Не знаю, сколько времени я стою в вестибюле. Не так уж долго, потому что кофе в кружке Дороти еще не остыл, но достаточно для того, чтобы запах пеканов рассеялся.
— Чи-ита, — говорит Джонз за моей спиной. Я даже не вздрагиваю. Я знала, что он там. Не обычным знанием. Скорее, на том уровне, на котором ощущали мир пылинки и крупинки, разлетаясь в разных направлениях после Большого Взрыва. Все дальше и дальше, в черную пустоту, но, всегда ощущая присутствие звезд, планет и астероидов — рядом с собой, над собой, под…
Я знала, что Джона там.
— Можно с тобой поговорить? — спрашивает он.
— Конечно. — Чтобы открыть дверь, я передаю ему пустую чашку.
Мне нравится мой кабинет. Как-то я сказала Индии, что согласилась на эту работу потому, что мне предложили отдельный кабинет с дверью, дубовым столом и окном. На самом деле я согласилась на эту работу потому, что надо было выплачивать студенческий заем на учебу потому, что Джонз замолвил за меня словечко перед Тимоти, и, потому, что составление запросов и отчетов по грантам — это все же писательский труд. Даже творческий: все зависит от того, насколько точно музей выполняет требования заказчика.

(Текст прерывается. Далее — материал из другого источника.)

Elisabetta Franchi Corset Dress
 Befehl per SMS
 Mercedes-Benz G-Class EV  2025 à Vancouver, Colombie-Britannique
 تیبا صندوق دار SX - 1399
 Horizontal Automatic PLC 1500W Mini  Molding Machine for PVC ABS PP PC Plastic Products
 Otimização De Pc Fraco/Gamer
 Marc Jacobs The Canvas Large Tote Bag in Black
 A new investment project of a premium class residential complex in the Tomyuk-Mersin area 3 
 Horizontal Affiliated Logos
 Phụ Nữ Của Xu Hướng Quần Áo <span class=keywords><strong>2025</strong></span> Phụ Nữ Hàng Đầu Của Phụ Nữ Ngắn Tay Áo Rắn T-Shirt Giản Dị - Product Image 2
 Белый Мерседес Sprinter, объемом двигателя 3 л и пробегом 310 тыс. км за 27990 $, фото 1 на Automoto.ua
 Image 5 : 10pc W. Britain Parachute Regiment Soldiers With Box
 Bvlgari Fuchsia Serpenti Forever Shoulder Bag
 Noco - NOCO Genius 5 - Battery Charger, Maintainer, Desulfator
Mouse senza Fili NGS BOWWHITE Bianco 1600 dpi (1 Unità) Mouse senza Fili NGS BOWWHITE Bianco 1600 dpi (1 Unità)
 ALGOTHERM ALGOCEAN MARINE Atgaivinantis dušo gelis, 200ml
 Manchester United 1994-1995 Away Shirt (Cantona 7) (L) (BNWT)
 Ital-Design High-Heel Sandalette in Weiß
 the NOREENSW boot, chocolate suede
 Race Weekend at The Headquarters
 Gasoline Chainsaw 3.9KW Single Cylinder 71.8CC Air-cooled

Мне нравится мой кабинет, но руки у меня дрожат. Этот пекановый запах… Наверное, он просочился сюда из-под двери. Он воскрешает образ матери, пристающей со своими жалобами и упреками, цепляющейся, наскакивающей на отца…
«Вы двое прямо как пара скворцов. Все время наскакиваете друг на друга».
И я вспоминаю, почему мне недостаточно его наполненной солнцем улыбки. Почему стремление достать звезду… Но углубляться в это мне не хочется.
— Так о чем ты хочешь поговорить? — спрашиваю я Джону, предварительно скользнув за свой письменный стол, мою надежную защиту. — Садись.